▶ **What needs to be done**:
Your answer should be the lines below from the one holding "Tiefenlockerer tipa Sonstige" through the one holding "peterbilt-330-image-42", copied exactly and with nothing else.

▶ **Record extracts**:
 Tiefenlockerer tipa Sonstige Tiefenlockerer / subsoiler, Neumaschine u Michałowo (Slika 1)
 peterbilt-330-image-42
...
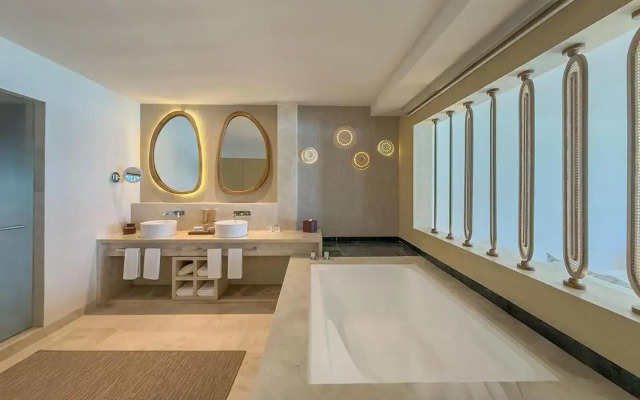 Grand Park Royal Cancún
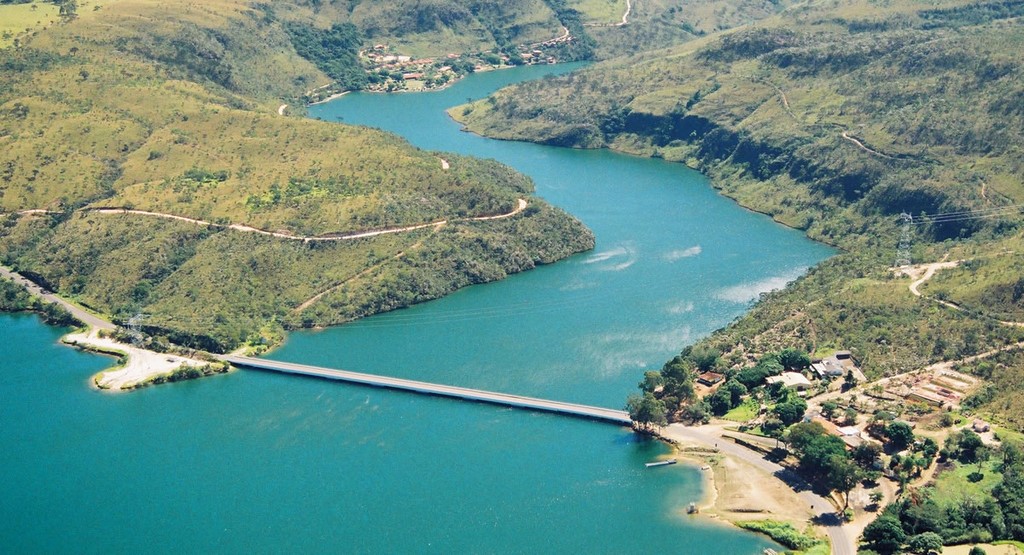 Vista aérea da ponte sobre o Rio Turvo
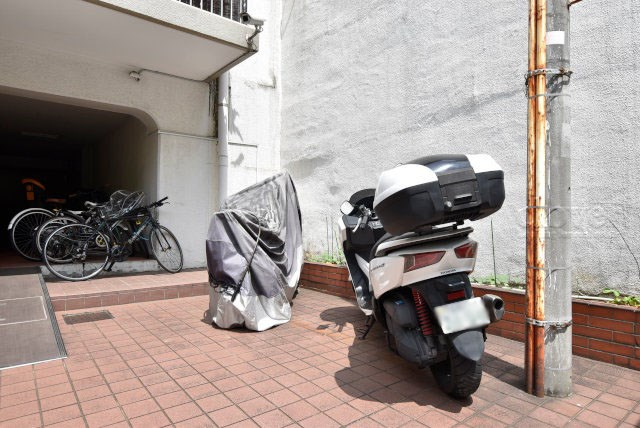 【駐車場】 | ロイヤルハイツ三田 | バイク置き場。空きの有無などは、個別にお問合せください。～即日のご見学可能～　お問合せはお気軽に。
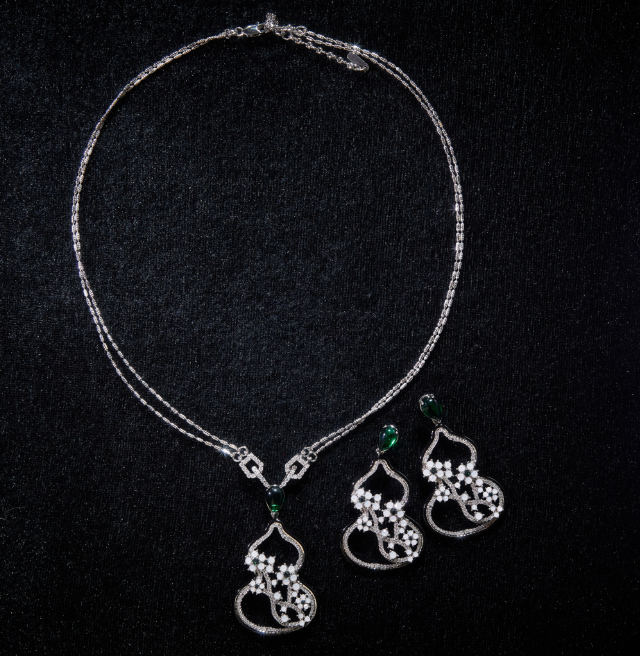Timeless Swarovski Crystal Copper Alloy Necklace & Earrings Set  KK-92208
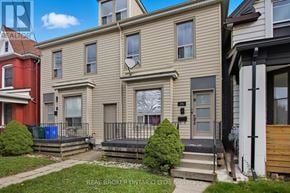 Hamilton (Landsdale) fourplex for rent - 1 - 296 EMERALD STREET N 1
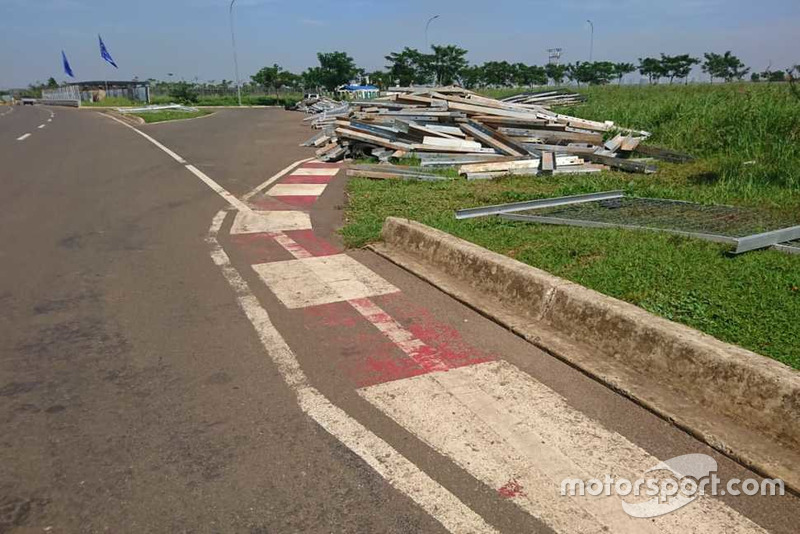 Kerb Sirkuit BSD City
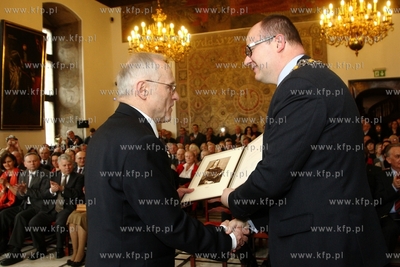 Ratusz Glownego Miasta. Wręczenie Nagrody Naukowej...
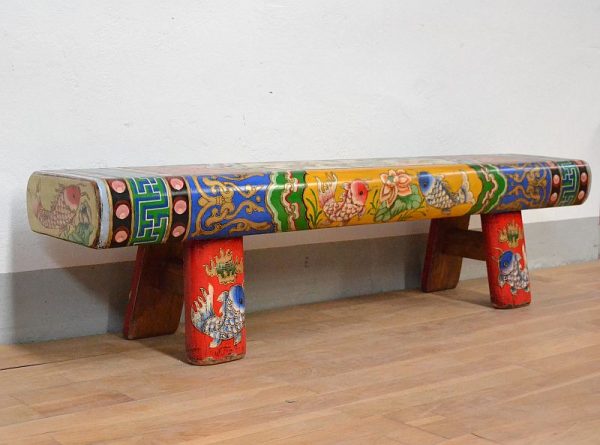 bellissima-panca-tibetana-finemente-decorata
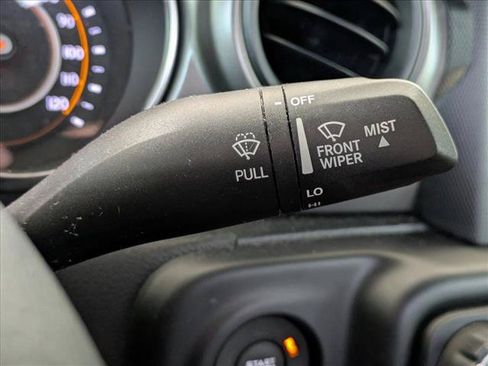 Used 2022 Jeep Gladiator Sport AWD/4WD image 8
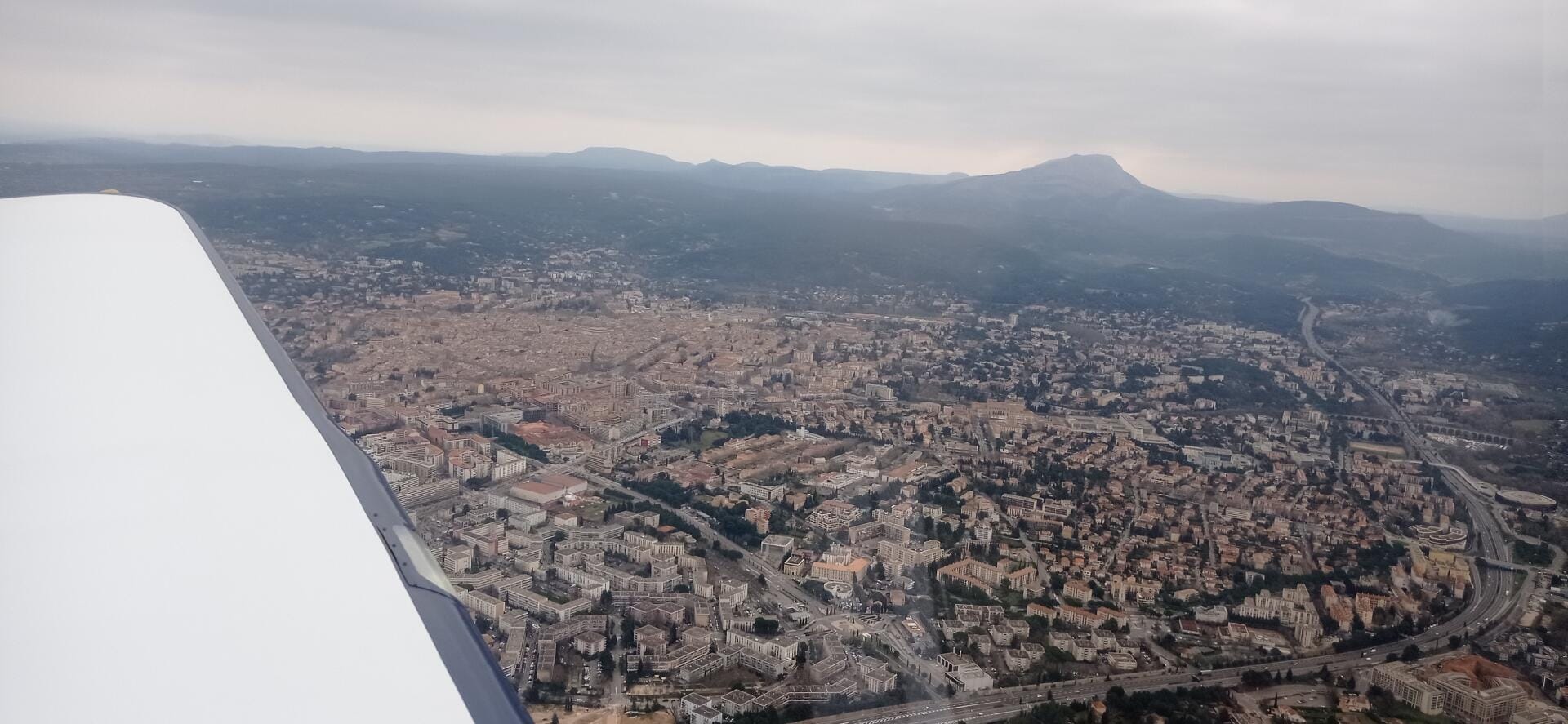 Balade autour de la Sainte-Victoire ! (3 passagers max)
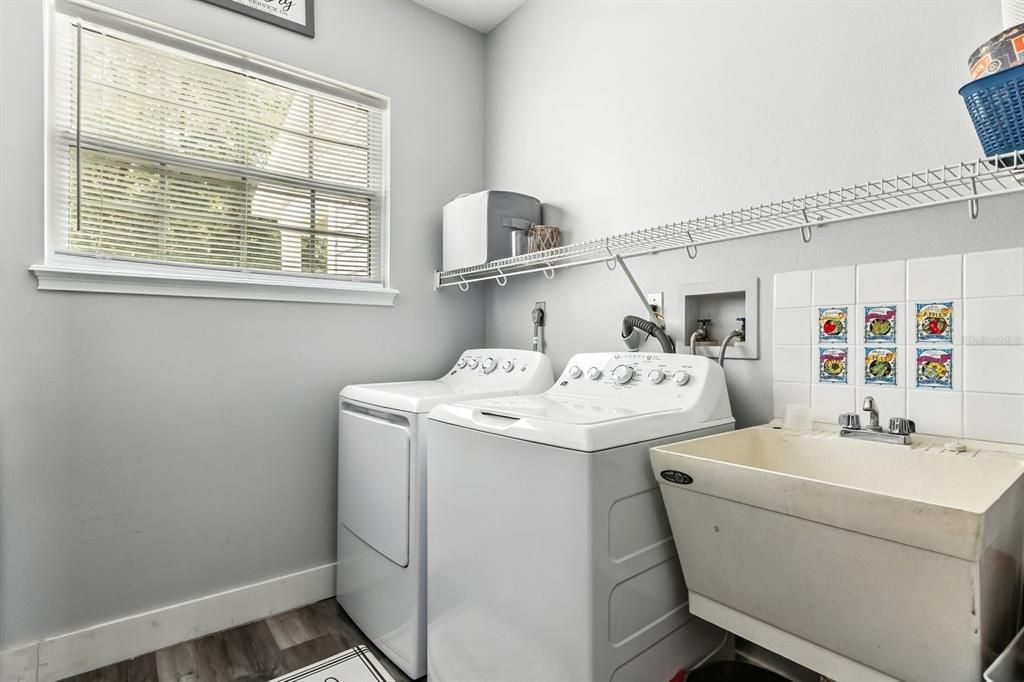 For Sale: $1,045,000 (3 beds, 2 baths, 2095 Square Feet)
...
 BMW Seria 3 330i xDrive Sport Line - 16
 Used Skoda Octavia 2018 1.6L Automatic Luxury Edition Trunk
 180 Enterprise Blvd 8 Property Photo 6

▶ **Response**:
 Tiefenlockerer tipa Sonstige Tiefenlockerer / subsoiler, Neumaschine u Michałowo (Slika 1)
 peterbilt-330-image-42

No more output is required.